# Peacocks and haps



## RDFISHGUY (Mar 21, 2005)

Aul. sp. Undu reef










Aul. Ruby red










Placidochromis phenochilus










Protmelas spilonatus


----------



## Tybo (Mar 18, 2007)

Love your Placidochromis Phenochilus..... :drooling:


----------



## Desi&lt;3 (Feb 13, 2008)

they all look great! Got any more pix???   :drooling: opcorn:


----------



## bigfishferd (May 31, 2006)

They look great! :thumb:


----------



## CDMOK (Mar 28, 2008)

Your Pheno is pretty well speckled all ready! Very beautiful :thumb:


----------



## RDFISHGUY (Mar 21, 2005)

Copadichromis azureus










Taiwon reef










M. Msobo










N. venustus


----------



## sickchild (Jan 17, 2006)

That P. Spilonatus "Tanzania" is beautiful! I've been looking for them for the past year, but to no avail. I'm actually looking for the Luili type.


----------



## carlos-chile (Apr 9, 2006)

nice fishes rdfishguy and excellent photos.

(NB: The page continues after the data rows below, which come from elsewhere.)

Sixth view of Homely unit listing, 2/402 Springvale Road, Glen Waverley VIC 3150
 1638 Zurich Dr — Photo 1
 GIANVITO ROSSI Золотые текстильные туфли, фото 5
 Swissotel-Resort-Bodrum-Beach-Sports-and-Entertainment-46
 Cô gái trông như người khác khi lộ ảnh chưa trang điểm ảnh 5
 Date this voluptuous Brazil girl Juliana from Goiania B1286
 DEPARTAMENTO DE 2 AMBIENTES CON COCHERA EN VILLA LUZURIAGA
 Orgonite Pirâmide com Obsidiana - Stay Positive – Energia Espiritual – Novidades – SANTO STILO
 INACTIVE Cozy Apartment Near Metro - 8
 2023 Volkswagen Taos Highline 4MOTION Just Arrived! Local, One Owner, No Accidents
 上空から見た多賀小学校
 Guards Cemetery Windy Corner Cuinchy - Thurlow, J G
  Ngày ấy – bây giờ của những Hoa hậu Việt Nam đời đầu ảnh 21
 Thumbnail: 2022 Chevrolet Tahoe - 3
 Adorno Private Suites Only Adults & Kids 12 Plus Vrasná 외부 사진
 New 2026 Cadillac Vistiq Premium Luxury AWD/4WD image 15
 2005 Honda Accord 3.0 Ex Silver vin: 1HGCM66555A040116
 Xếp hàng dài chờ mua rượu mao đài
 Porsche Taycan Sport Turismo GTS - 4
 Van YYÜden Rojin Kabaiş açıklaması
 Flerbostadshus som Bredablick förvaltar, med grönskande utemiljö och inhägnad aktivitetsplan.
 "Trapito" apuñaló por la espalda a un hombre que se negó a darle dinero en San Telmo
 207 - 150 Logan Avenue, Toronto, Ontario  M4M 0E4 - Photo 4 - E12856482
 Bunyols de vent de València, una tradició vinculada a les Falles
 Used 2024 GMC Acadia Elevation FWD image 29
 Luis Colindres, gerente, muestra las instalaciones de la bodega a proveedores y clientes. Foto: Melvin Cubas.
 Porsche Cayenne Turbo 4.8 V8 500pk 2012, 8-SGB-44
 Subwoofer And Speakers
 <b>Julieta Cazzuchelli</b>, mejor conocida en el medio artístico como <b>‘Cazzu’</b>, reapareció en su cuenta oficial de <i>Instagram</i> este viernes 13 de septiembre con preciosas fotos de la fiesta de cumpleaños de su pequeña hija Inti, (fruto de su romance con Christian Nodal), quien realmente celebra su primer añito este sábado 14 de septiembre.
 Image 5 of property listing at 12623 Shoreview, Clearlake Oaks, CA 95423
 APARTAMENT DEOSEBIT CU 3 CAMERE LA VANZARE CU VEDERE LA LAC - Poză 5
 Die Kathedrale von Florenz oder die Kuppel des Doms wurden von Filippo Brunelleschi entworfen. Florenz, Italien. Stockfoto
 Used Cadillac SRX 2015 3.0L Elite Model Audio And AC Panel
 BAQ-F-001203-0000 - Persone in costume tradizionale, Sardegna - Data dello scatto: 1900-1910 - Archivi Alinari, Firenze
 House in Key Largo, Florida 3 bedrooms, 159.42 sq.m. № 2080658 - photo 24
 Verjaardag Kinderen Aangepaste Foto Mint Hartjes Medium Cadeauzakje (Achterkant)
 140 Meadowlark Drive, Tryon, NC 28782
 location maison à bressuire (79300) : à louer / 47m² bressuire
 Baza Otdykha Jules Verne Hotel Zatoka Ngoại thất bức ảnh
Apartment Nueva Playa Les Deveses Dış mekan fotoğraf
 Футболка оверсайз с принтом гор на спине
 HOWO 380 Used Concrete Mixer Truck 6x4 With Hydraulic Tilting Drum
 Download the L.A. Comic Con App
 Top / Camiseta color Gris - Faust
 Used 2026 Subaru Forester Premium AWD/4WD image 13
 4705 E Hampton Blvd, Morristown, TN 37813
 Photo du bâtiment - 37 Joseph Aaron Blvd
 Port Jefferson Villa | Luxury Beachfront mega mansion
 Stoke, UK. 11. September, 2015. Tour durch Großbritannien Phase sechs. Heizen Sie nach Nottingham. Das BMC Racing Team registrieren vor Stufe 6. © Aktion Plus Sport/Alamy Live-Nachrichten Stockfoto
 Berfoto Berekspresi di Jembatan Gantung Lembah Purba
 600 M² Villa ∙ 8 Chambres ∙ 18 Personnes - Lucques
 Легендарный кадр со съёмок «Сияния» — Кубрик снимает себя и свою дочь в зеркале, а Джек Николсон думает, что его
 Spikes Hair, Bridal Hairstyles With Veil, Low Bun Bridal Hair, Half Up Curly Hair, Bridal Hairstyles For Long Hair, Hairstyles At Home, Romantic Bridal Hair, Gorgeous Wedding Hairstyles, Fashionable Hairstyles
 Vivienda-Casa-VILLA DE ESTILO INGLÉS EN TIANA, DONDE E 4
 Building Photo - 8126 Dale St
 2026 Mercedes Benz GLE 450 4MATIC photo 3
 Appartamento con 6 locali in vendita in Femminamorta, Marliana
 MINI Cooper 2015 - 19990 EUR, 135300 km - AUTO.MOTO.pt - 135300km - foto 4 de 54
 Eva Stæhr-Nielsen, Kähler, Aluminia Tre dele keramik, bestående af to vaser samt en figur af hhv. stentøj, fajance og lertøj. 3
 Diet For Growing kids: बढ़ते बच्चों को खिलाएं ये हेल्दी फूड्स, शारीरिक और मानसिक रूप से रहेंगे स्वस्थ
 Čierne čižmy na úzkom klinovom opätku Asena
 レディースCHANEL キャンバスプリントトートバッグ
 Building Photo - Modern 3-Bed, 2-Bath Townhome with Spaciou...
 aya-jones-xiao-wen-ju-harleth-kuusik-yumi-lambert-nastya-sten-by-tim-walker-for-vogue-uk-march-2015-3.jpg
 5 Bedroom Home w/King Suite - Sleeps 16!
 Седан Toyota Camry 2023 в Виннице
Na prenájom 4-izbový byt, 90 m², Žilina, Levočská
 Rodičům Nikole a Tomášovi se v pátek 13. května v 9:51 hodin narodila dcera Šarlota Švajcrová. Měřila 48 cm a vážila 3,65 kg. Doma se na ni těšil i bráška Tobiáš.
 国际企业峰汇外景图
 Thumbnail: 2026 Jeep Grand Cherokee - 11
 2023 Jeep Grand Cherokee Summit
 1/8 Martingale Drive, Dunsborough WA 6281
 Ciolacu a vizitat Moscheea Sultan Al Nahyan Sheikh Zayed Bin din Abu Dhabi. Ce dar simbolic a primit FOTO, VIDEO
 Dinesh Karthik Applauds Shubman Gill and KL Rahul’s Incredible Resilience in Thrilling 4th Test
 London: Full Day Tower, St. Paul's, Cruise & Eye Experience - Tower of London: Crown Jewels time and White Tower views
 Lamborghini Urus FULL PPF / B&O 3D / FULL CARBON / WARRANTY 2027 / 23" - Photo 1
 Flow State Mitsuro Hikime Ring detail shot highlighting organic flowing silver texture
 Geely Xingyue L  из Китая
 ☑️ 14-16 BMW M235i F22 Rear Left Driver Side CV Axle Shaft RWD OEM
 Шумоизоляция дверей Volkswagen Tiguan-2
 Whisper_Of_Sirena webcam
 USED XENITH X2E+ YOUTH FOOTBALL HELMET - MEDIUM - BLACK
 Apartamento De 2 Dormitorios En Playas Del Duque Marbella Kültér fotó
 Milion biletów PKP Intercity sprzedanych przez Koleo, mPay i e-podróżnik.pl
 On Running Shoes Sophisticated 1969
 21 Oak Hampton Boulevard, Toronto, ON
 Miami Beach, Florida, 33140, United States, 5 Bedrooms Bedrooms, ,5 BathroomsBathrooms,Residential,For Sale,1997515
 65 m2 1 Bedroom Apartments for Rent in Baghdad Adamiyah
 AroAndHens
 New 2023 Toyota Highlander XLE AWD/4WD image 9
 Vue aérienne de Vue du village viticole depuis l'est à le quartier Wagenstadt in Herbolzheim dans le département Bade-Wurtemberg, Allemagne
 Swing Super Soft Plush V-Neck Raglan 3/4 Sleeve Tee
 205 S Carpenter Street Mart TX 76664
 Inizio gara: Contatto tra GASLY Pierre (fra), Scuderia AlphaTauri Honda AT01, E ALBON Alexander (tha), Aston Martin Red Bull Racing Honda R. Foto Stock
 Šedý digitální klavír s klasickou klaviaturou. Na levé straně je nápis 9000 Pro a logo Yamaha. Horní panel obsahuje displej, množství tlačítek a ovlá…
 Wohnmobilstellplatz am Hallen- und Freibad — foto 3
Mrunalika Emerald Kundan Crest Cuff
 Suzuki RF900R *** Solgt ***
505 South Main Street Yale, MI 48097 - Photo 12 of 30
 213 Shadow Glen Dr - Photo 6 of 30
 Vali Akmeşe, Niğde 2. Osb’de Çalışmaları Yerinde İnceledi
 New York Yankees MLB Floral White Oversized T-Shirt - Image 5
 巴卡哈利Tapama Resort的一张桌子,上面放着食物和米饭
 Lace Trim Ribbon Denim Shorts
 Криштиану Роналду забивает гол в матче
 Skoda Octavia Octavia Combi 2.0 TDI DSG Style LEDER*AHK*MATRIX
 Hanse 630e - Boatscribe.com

how many inches has your ruby red??

saludos


----------



## RDFISHGUY (Mar 21, 2005)

That little guy is only 1 1/2 " and if I hadn't watched him color - up myself I'd think he was hormoned. He's going to be a nice fish.


----------



## stangr6 (Jul 20, 2006)

what size tank i have many of the same fish here is my ruby red


----------



## F8LBITEva (Nov 9, 2007)

very nice pics


----------



## RDFISHGUY (Mar 21, 2005)

Thanks. The tank is 230 gallons.


----------



## MightyWarMonger (Mar 20, 2007)

WOW beutiful fish and nice tank, what camera do you use to take pics of you're tank and if you use a slr what lense do you use for it thanks


----------



## RDFISHGUY (Mar 21, 2005)

The camera is a Rebel XT the lense is the kit lense EFS 8-55mm. I put tissue paper over the flash, darken the room and use autofocus because I have no idea how to use manual settings and I don't understand photography jargon. F-stop this and aperature that, ISO speed. I am clueless as to what most of this stuff means or how to use it. I've tried settings recommended by others before and I don't get the results that I do with auto settings.


----------



## TorontoRaptorsFan (May 20, 2005)

Spilonotus Tanzania is one of the best Haps to get. I loved mine when I had them. They would always greet me whenever I fed them and thanked me by splashing me every single time!!!

A great fish which needs a large tank - 125g or more!!!


----------